Новые идеи часто задевают консерваторов, хотя бывают настолько неудачными, что мерзко слушать всем.
Одно из отличий стендапа — это возможность поднимать неловкие темы, высказывать свою точку зрения на события, задевать людей, чьи поступки или высказывания идут вразрез с твоим мнением. Людей, закрытых для чужого мнения или не обладающих чувством самоиронии, это часто оскорбляет. Реакция на жесткие шутки может служить индикатором развития общества и свободы слова, так как они обнажают нетерпимость к новому, альтернативным точкам зрения.
Тут может быть не смешно, не интересно, можно считать себя умнее и выше того, что происходит на сцене, но если вас что-то оскорбило, когда вы пришли на современную комедию, то это скорее повод задуматься над вашим внутреннем мироустройством.
На открытых микрофонах порой звучит злая, несуразная, примитивная бредятина, построенная исключительно на оскорблениях или издевках, но, учитывая тенденции современного юмора, формирования новых злых поджанров комедии (прожарка, постчерный юмор), все это теперь скорее относится к сырым, плоским, поверхностным шуткам, чем к оскорблениям.

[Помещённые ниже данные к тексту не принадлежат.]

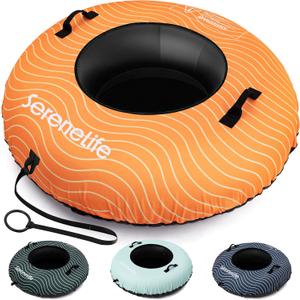 SereneLife 44"/48'' Snow Tube for Sledding - Heavy Duty Rubber Inner Tube, Oxford Cover, Thickened PVC Bottom & Tow Strap - Inflatable Snow Sled for Kids & Adults - Perfect Winter Outdoor Fun Gift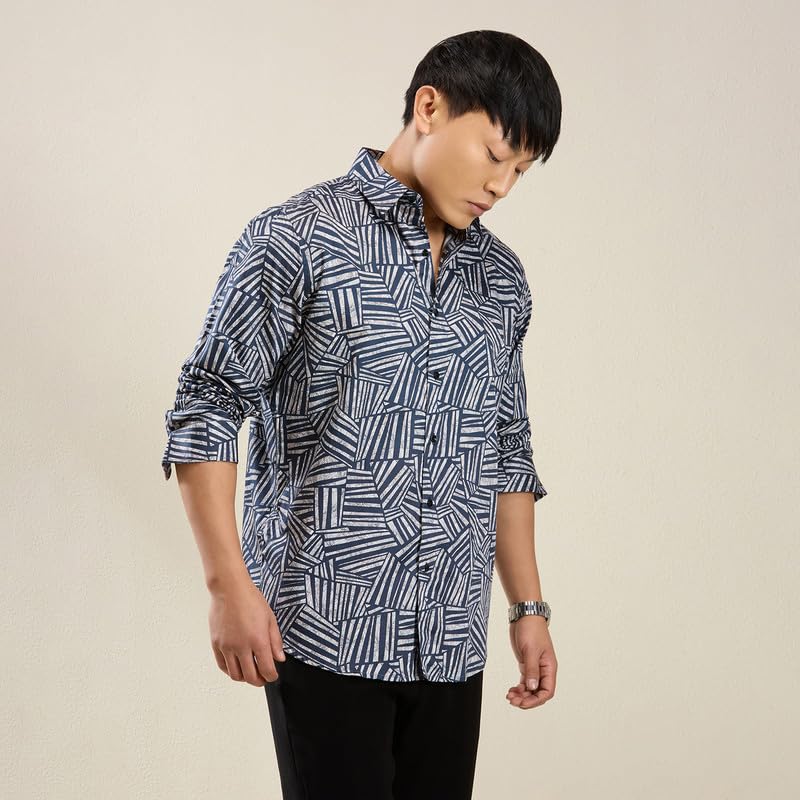 Image of MARK & ALBERT Men's Slim Fit Cotton Formal Shirt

Зачастую люди оскорбляются не самой шуткой, а просто поднятой темой. В моем опыте был один бит про феминизм, в котором я разделяю феминисток на тех, кто борется за права женщин, и тех, кто борется за подписчиков, спекулируя темой феминизма. За то время, что я рассказываю эту шутку, я видел как феминисток, которые выключались в начале моего монолога и не понимали его смысла, так и тех, кто был готов меня выслушать, посмеяться над собой, обсудить со мной моменты, в которых они не согласны, и в результате не только понять позицию мужчин по важному для них вопросу, но и даже ощутить поддержку со стороны мужского сообщества. Это скорее вопрос подбора комедии, подходящей вам по стилю и уровню юмора, чем культурный.
Такая провокационная комедия даже необходима для общего развития публики и комиков. Новые идеи часто задевают консерваторов, хотя бывают настолько неудачными, что мерзко слушать всем. У свободы слова есть и обратная сторона, потому что даже самые мерзкие люди могут высказывать свои мысли.

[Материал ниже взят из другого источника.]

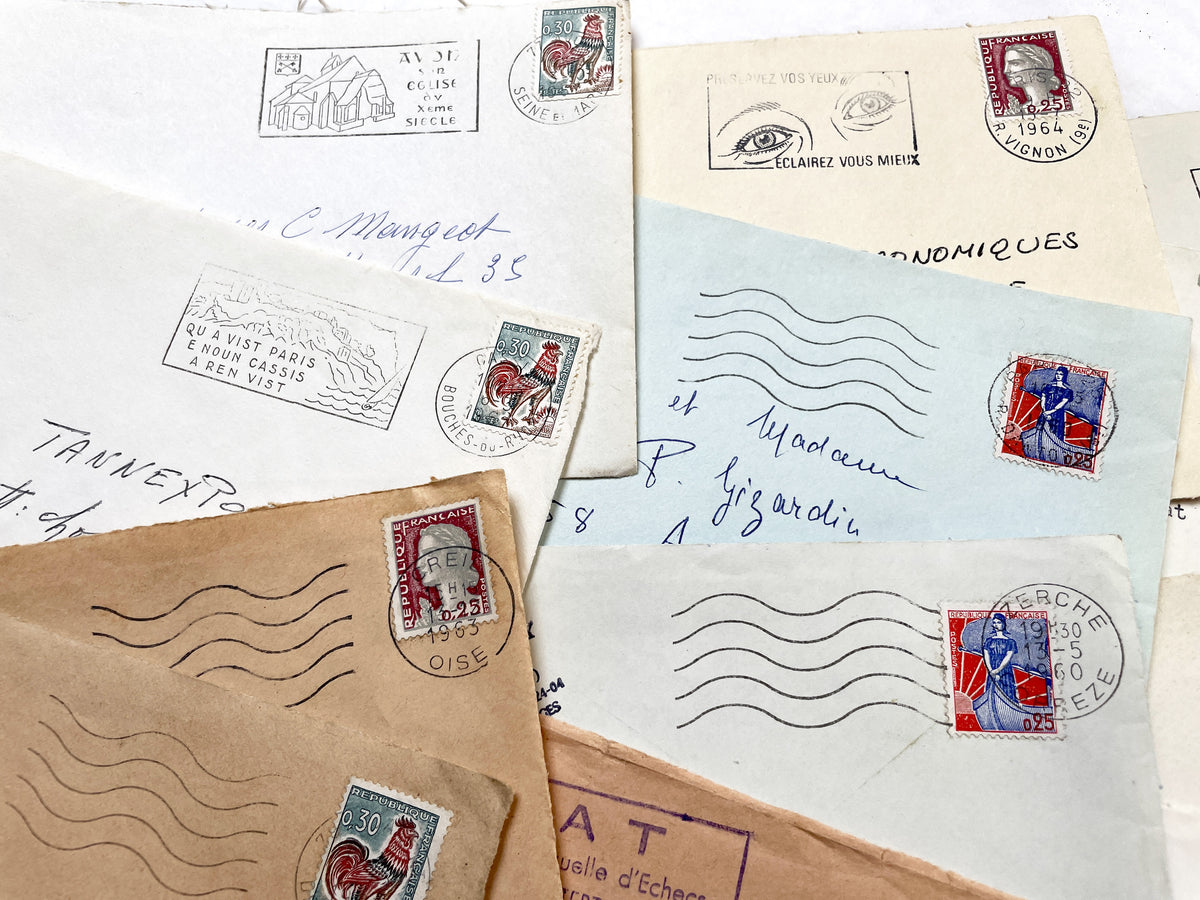1960s - 30 French half-envelopes - Without letters inside - 1960s Ephemera for Junk Journals, Collage & Paper Crafts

Новую, хорошую, честную комедию не создать без дерьмовых, даже оскорбительных шуток и идей. Порой все это дерьмо нужно переработать, скрестить с жизненным опытом и получится уникальный юмор. Самое главное — помнить, что вы пришли на комедию. Тогда не будет возникать вопроса, обидно это или не обидно, — будет только смешно или не смешно.


Ярослава
Тринадцатко
Я никогда особо обидных шуток не писала, но неоднократно видела, как люди в зале обижаются на шутки выступающих. Один раз я вела микрофон, и увидела, как девушки обиделись после шутки одного из комиков: «Все девушки учат английский только для того, чтобы трахаться с иностранцами». И я прямо смотрю, девушки сели руки в боки, надулись. Пришлось им объяснить, что парень не говорил вот именно про них, а просто сильно обобщил. Если бы он сказал не «все девушки», а «некоторые», то все бы сразу выдохнули, с мыслями: «Ну, некоторые — это не я. Точно не я». That’s right!

Обидеться на что-то можно лишь в том случае, когда это правда, которую ты не хочешь принимать.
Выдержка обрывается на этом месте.